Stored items
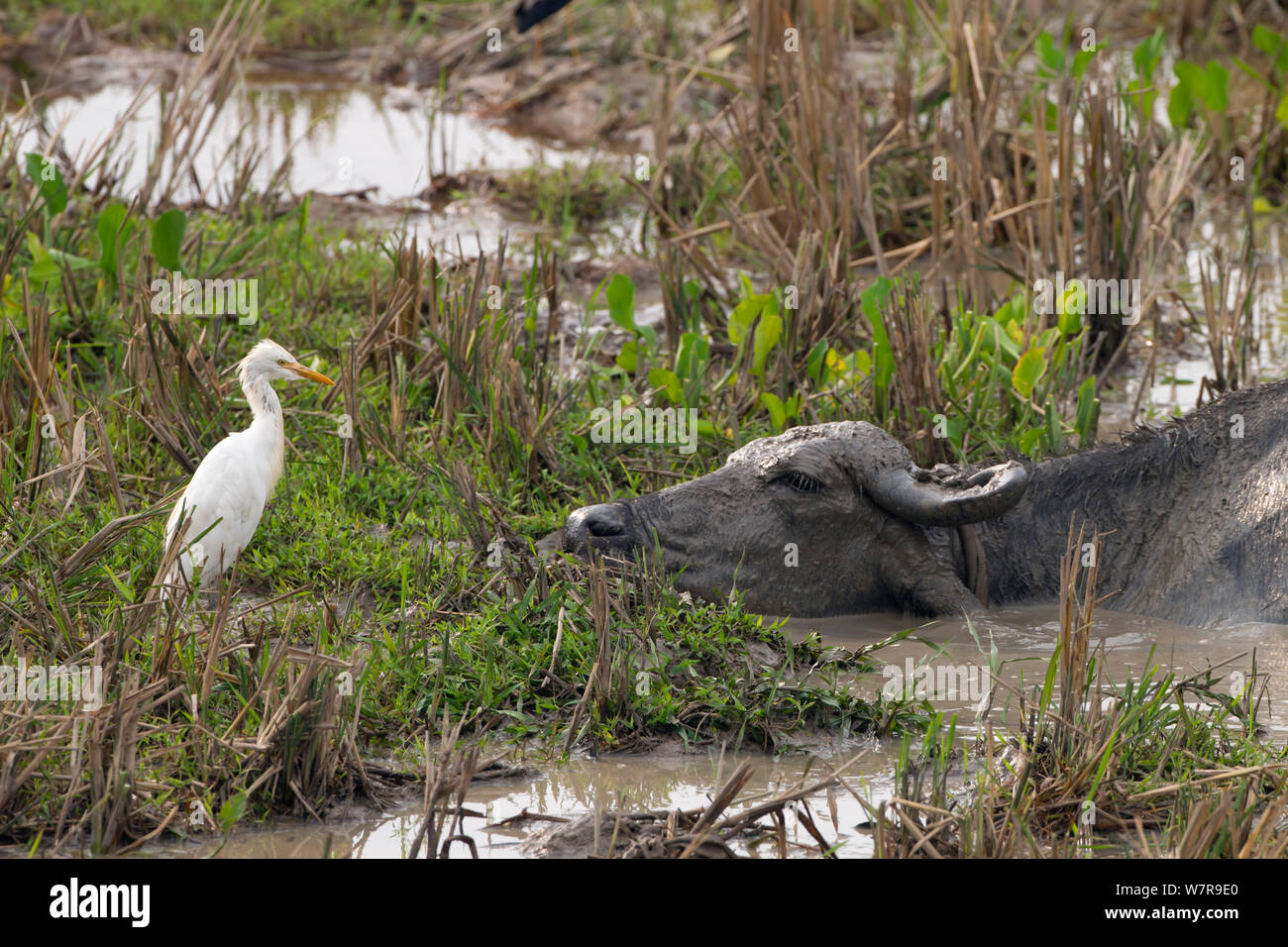 Cattle Egret (Bubulcus ibis) and Water Buffalo (Bubalus bubalis) Yala NP, Sri Lanka Stock Photo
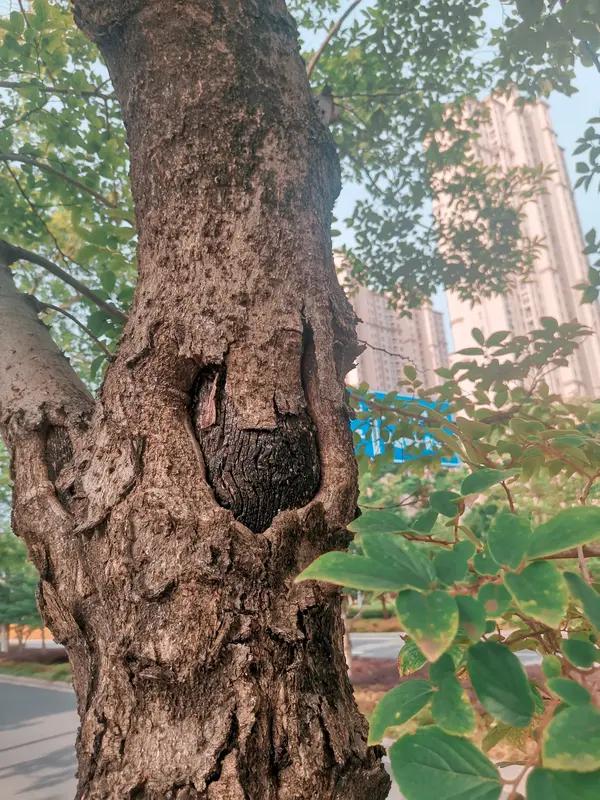 所言极是，年龄并非关键，生活自理才至关重要。倘若我们还能打理自己的生活，那便好好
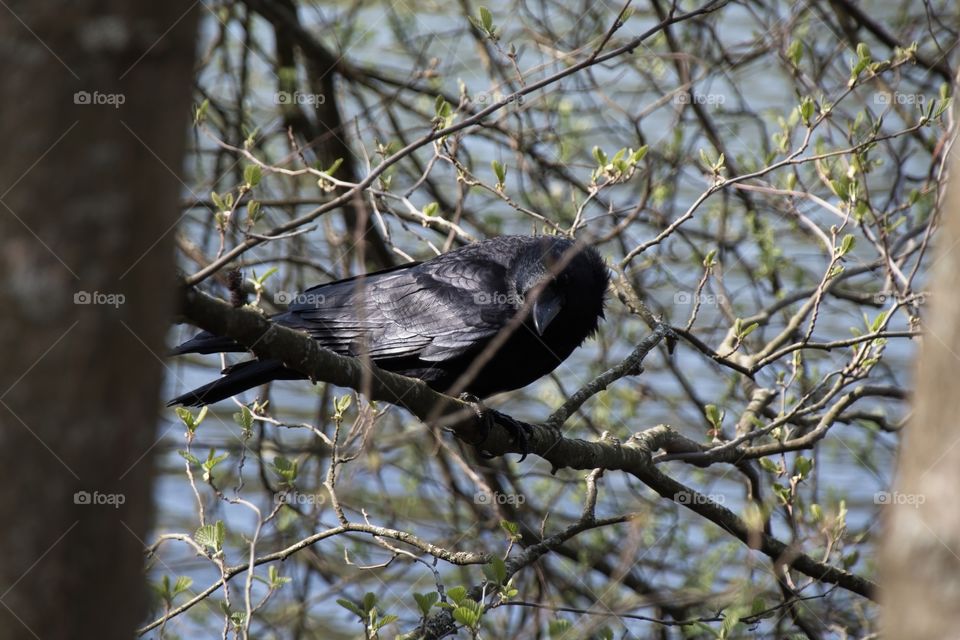 crow on a branch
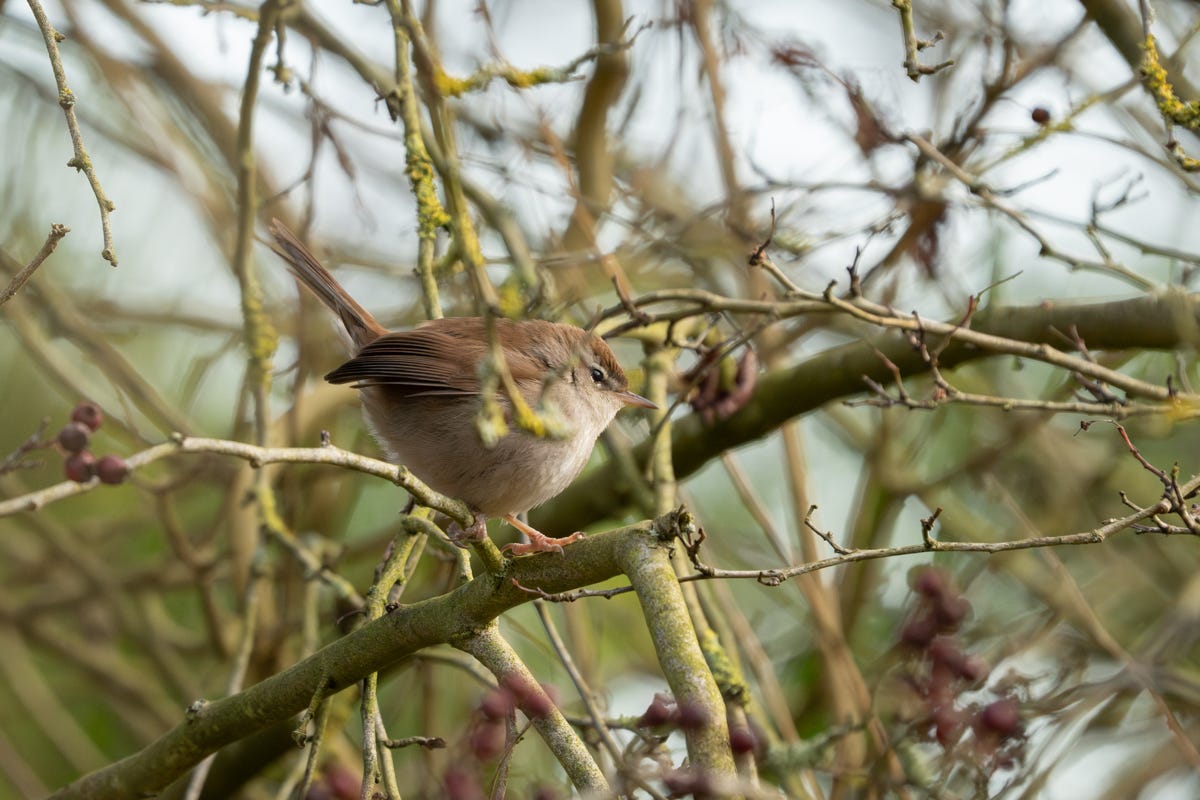 A very round brown bird with pink feet looks to the right A very round brown bird with pink feet looks to the right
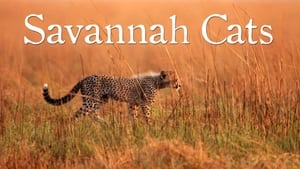 Savannah Cats film complet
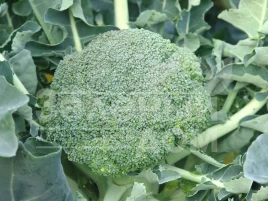 Семена капусты брокколи Аполена F1 / Apolena F1,75-85 дней купить оптом и в розницу в Украине по выгодной цене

▶ _WHAT THIS TASK INVOLVES_:
Each entry above is to be duplicated exactly, and its pictures omitted.

▶ _PROBLEM SOLUTION_:
 Cattle Egret (Bubulcus ibis) and Water Buffalo (Bubalus bubalis) Yala NP, Sri Lanka Stock Photo
 所言极是，年龄并非关键，生活自理才至关重要。倘若我们还能打理自己的生活，那便好好
 crow on a branch
 A very round brown bird with pink feet looks to the right A very round brown bird with pink feet looks to the right
 Savannah Cats film complet
 Семена капусты брокколи Аполена F1 / Apolena F1,75-85 дней купить оптом и в розницу в Украине по выгодной цене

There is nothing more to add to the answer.